Exercise requirements. Word for word, repeat the data; no picture should appear in the result.

[Image-caption web data]
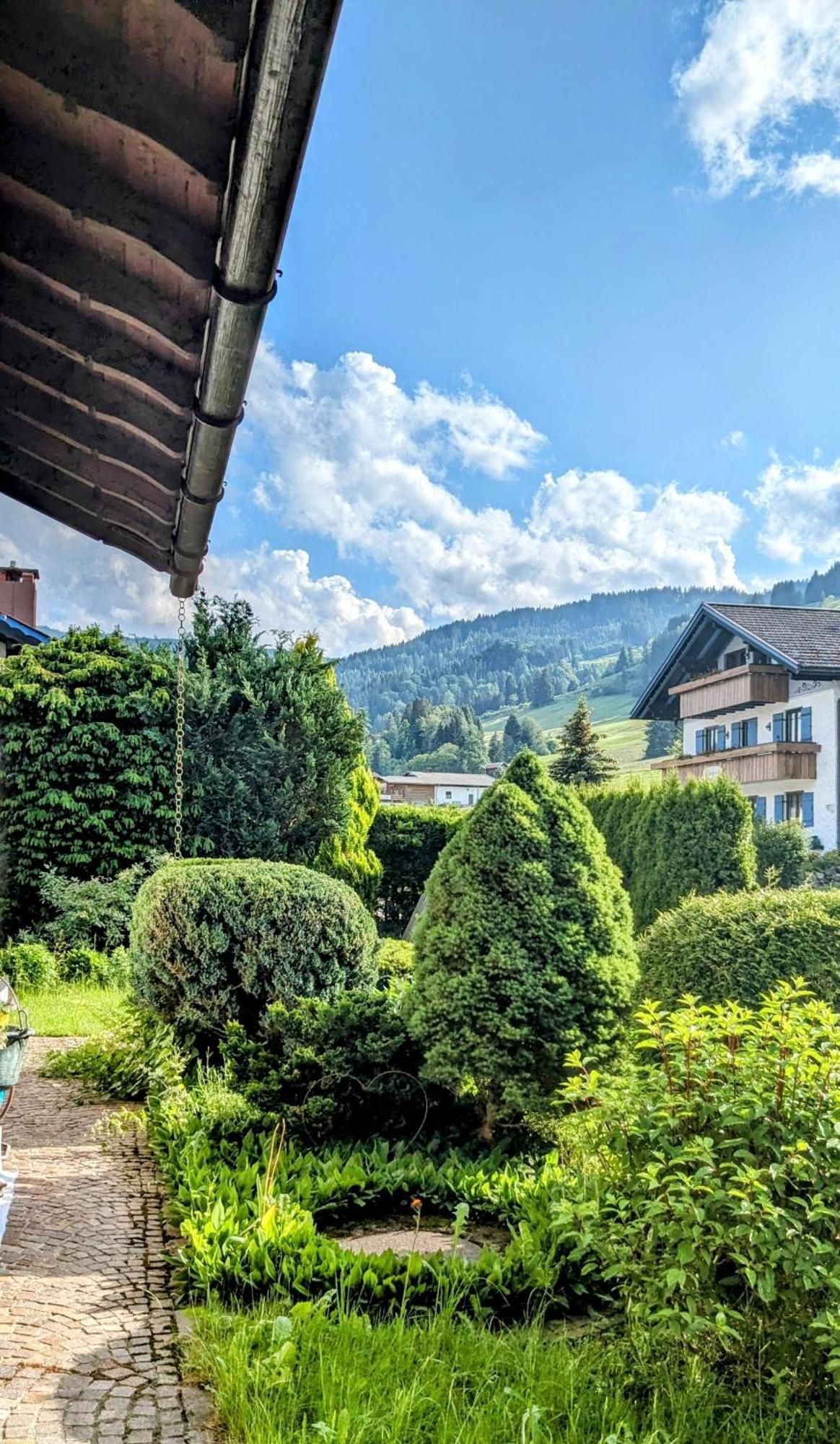 Ferienwohnung Alpenglueck In Bolsterlang Sommerbergbahn Kostenlos Exteriör bild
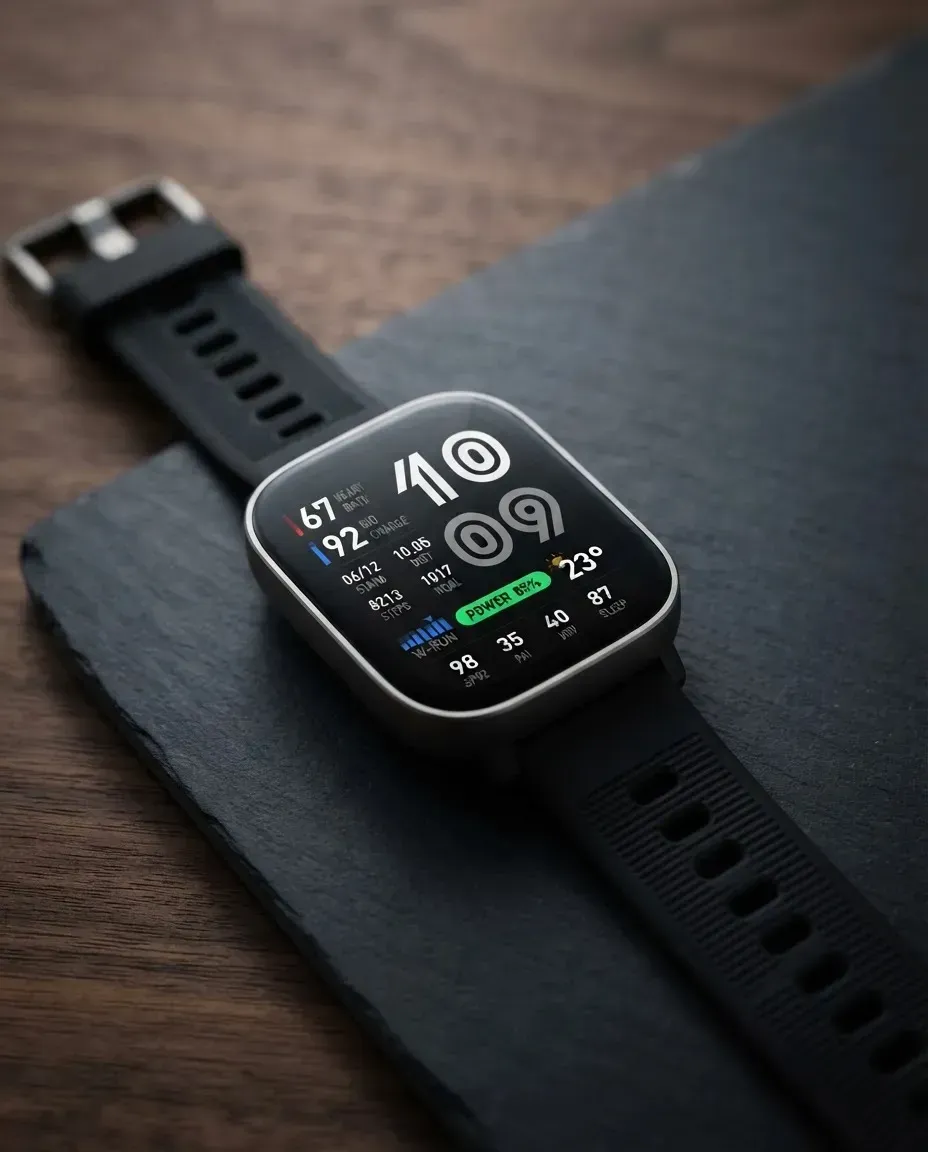 Smartwatch Amazfit Bip Max Gps Amoled Mapas Off Preto Prata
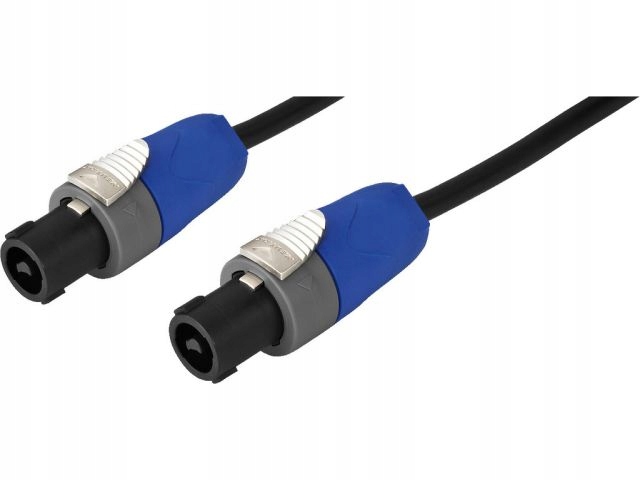 Monacor Msc-105/sw - Lautsprecherkabel, 5 M, 2-polige Neutrik Speakon-stecker
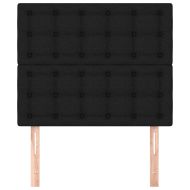 Табла за легло, черна, 80x5x118/128 см, плат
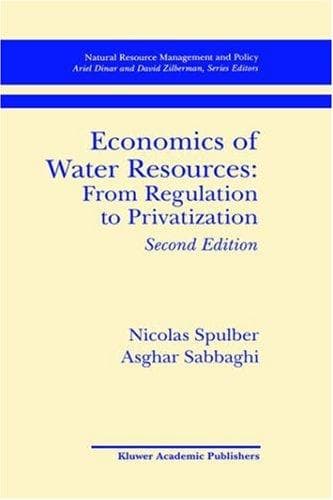 Cover of Economics of water resources by Nicolas Spulber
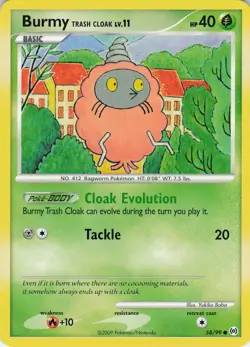 Burmy Trash Cloak 58/99 Arceus Common Normal Pokemon TCG - Image 1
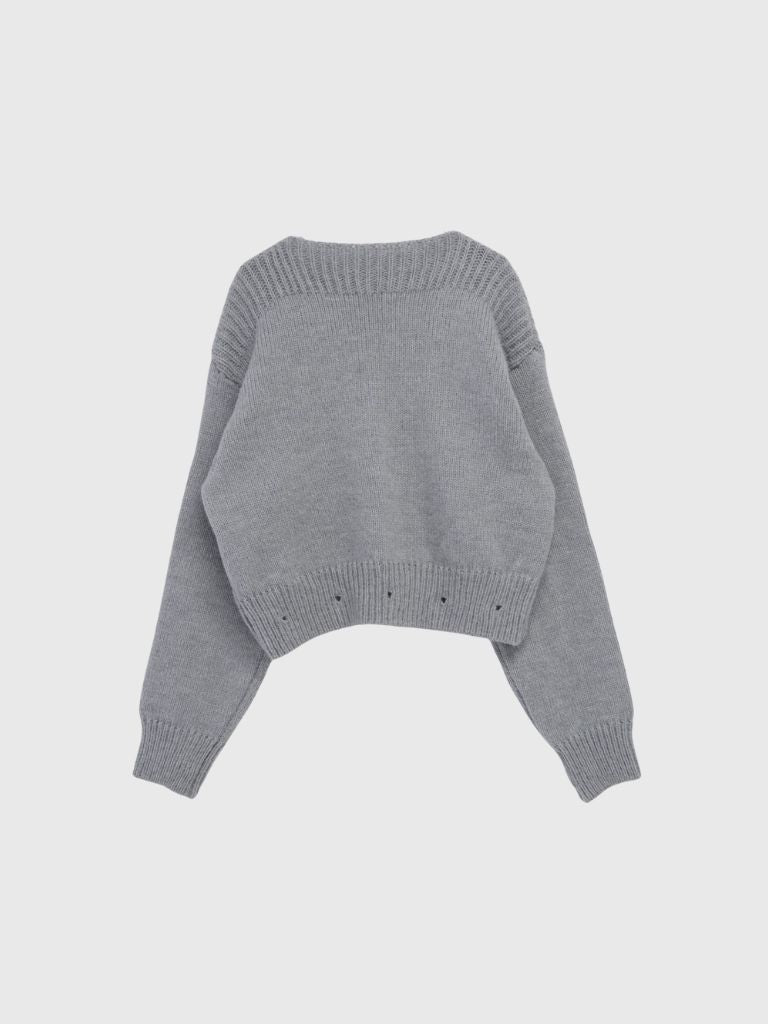 2way layered hem knit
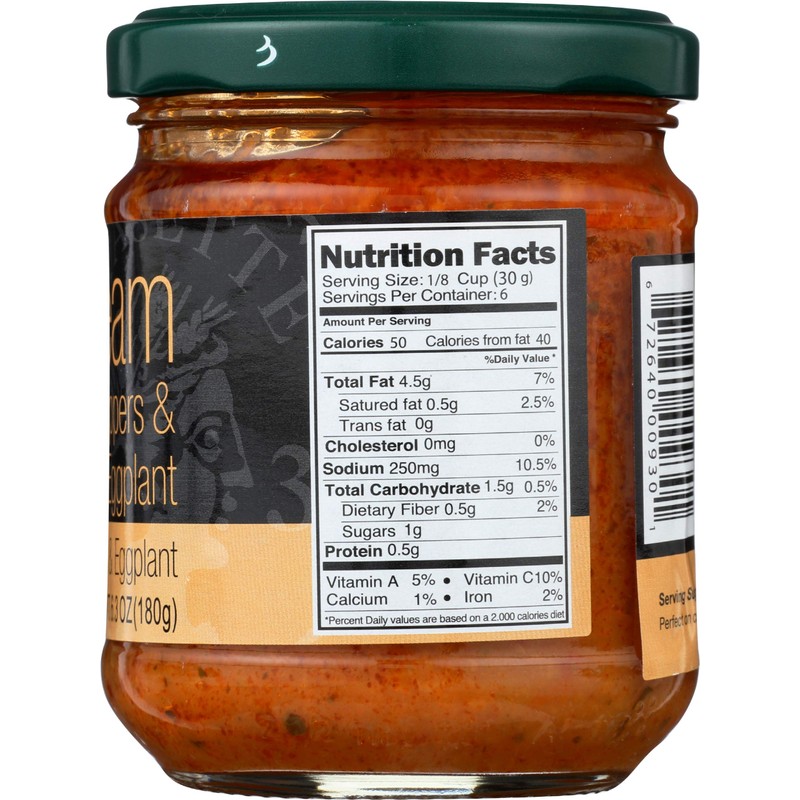 TRENTASETTE 37 Red Pepper & Eggplant Pate, 6.3 OZ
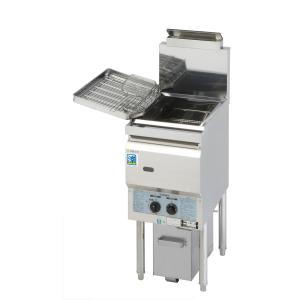 業務用 Kitchen Technoフライヤー TK-CF3-GA13-L12 3年保証】MGF-13WK 【マルゼン】 ガスフライヤー 13L×2 2槽式 幅630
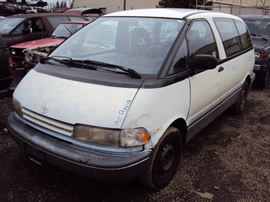 1991 TOYOTA PREVIA 2WD COLOR WHITE, STK # Z10145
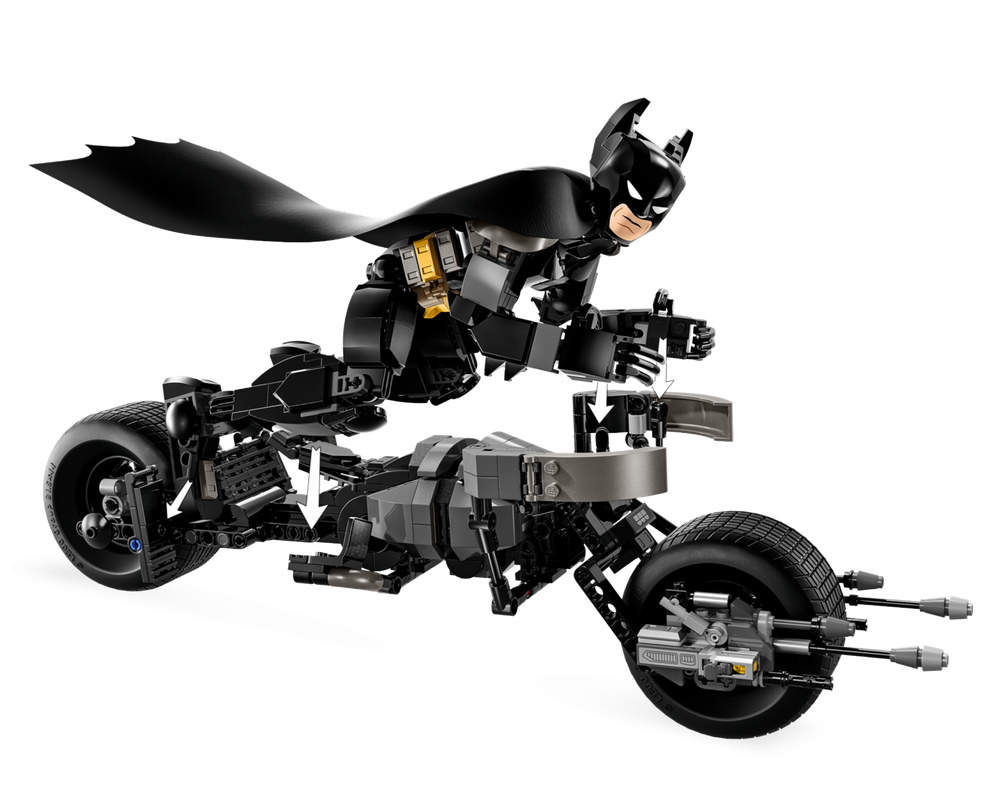 LEGO® Batman™ Construction Figure and the Bat-Pod Bike 76273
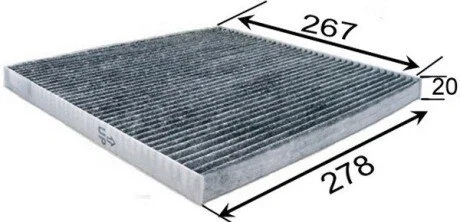 Фільтр салону вугільний JS ASAKASHI AC2510C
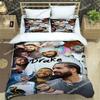 Rapper Drake 3D Printed Bedding Sets Exquisite Bed Supplies Set Duvet Cover Bed Comforter Set Bedding Set Luxury Birthday Gift96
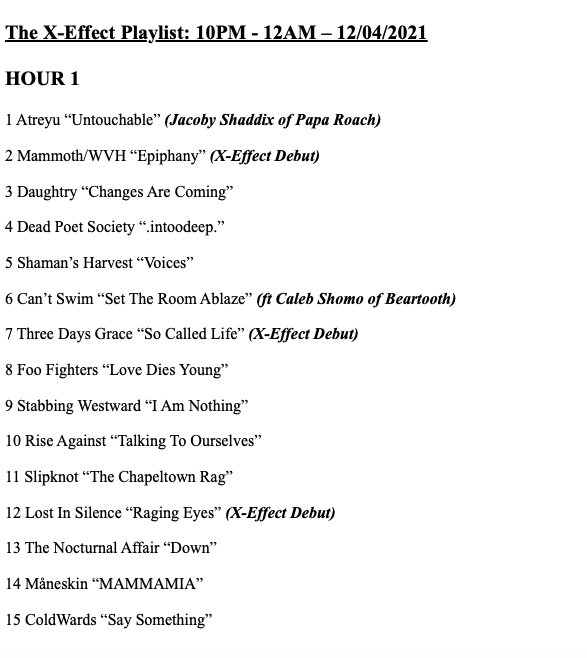 ThePaulyKover's tweet photo. Preview THE X-EFFECT Playlist! #NewMusic Saturdays 10p-Midnight ET / 7-9p PT on #RealRock @1039TheBear! Stream LIVE at https://t.co/nHR2nIeHyl

LOCAL X kicks off Hour 2 w/ @SFT_Salvation &amp; #Calloused! #TheXeffect

In a Local Band? SUBMIT YOUR STUFF to pauly@1039thebear.com https://t.co/aIiYL6OtI0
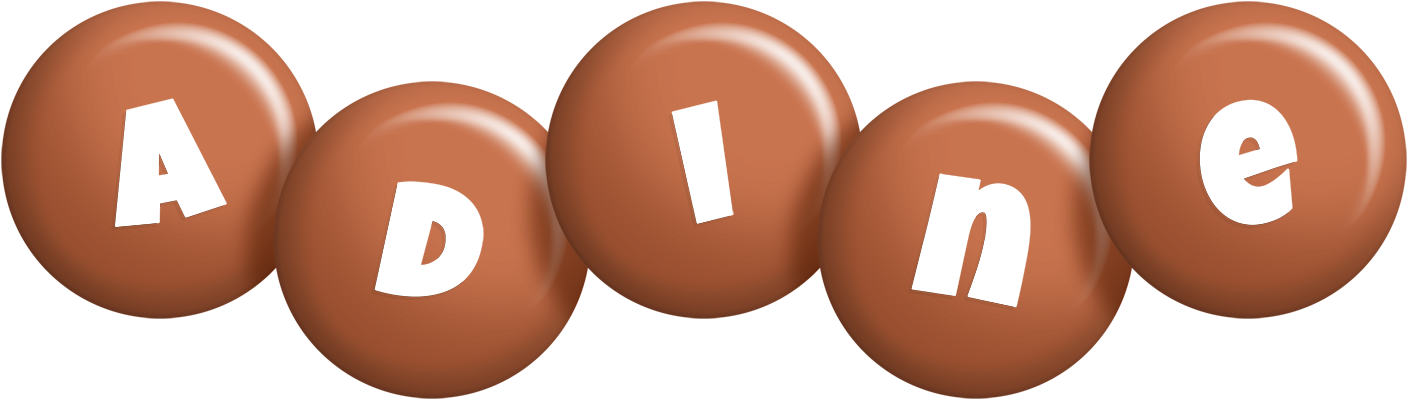Adine candy-brown logo
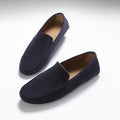 Driving Loafers, navy blue suede-1
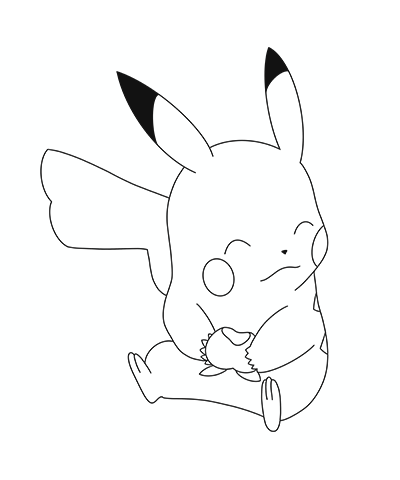 Cute Pokemon Pikachu Drawing Step By Step Tutorial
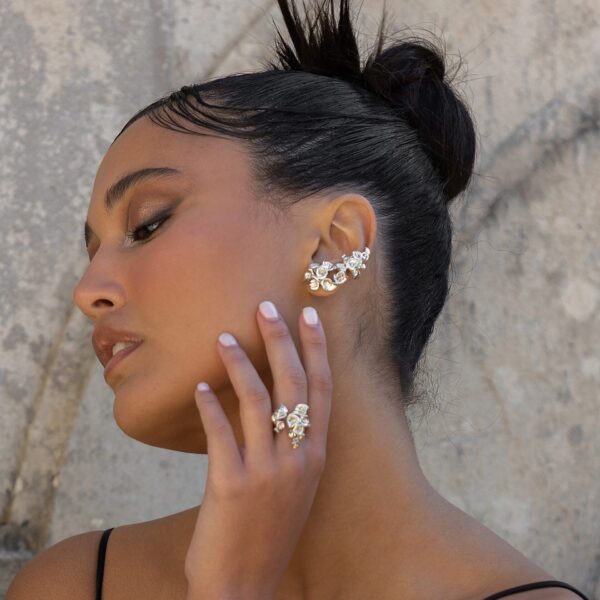 Calla Lily Bouquet Earcuff - Image 3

Exercise response.
 Ferienwohnung Alpenglueck In Bolsterlang Sommerbergbahn Kostenlos Exteriör bild
 Smartwatch Amazfit Bip Max Gps Amoled Mapas Off Preto Prata
 Monacor Msc-105/sw - Lautsprecherkabel, 5 M, 2-polige Neutrik Speakon-stecker
 Табла за легло, черна, 80x5x118/128 см, плат
 Cover of Economics of water resources by Nicolas Spulber
 Burmy Trash Cloak 58/99 Arceus Common Normal Pokemon TCG - Image 1
 2way layered hem knit
 TRENTASETTE 37 Red Pepper & Eggplant Pate, 6.3 OZ
 業務用 Kitchen Technoフライヤー TK-CF3-GA13-L12 3年保証】MGF-13WK 【マルゼン】 ガスフライヤー 13L×2 2槽式 幅630
 1991 TOYOTA PREVIA 2WD COLOR WHITE, STK # Z10145
 LEGO® Batman™ Construction Figure and the Bat-Pod Bike 76273
 Фільтр салону вугільний JS ASAKASHI AC2510C
 Rapper Drake 3D Printed Bedding Sets Exquisite Bed Supplies Set Duvet Cover Bed Comforter Set Bedding Set Luxury Birthday Gift96
 ThePaulyKover's tweet photo. Preview THE X-EFFECT Playlist! #NewMusic Saturdays 10p-Midnight ET / 7-9p PT on #RealRock @1039TheBear! Stream LIVE at https://t.co/nHR2nIeHyl

LOCAL X kicks off Hour 2 w/ @SFT_Salvation &amp; #Calloused! #TheXeffect

In a Local Band? SUBMIT YOUR STUFF to pauly@1039thebear.com https://t.co/aIiYL6OtI0
Adine candy-brown logo
 Driving Loafers, navy blue suede-1
 Cute Pokemon Pikachu Drawing Step By Step Tutorial
 Calla Lily Bouquet Earcuff - Image 3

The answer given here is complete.